TASK TO COMPLETE: Wherever the word "Pure" appears in a line of the records, copy that line.
═══ RECORDS SUPPLIED ═══
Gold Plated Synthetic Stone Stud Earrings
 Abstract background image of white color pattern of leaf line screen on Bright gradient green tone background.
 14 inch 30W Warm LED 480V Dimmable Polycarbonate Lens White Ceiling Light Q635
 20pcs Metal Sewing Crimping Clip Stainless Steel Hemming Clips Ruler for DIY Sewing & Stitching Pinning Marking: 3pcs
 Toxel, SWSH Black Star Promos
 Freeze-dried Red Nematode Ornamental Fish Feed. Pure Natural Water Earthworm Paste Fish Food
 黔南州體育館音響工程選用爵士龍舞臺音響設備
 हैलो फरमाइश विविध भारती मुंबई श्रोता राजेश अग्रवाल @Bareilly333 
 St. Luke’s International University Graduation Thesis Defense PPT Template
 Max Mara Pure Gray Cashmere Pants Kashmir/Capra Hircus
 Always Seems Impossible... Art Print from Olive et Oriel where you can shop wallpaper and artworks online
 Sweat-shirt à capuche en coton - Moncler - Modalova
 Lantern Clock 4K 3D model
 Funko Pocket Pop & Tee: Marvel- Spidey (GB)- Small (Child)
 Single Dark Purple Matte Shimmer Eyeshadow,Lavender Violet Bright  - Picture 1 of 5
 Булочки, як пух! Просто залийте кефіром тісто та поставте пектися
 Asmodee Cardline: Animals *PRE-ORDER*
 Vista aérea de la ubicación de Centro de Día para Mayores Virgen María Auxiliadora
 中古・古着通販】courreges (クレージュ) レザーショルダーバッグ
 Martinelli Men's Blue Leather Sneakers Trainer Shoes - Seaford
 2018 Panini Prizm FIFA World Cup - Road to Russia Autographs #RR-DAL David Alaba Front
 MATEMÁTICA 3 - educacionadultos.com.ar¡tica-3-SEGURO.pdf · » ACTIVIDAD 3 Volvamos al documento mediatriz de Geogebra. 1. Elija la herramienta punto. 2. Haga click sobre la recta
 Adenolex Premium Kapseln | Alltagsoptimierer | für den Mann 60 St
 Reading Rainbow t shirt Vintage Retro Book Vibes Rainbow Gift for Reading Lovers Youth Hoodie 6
═══
REPLY TO THE EXERCISE:
 Freeze-dried Red Nematode Ornamental Fish Feed. Pure Natural Water Earthworm Paste Fish Food
 Max Mara Pure Gray Cashmere Pants Kashmir/Capra Hircus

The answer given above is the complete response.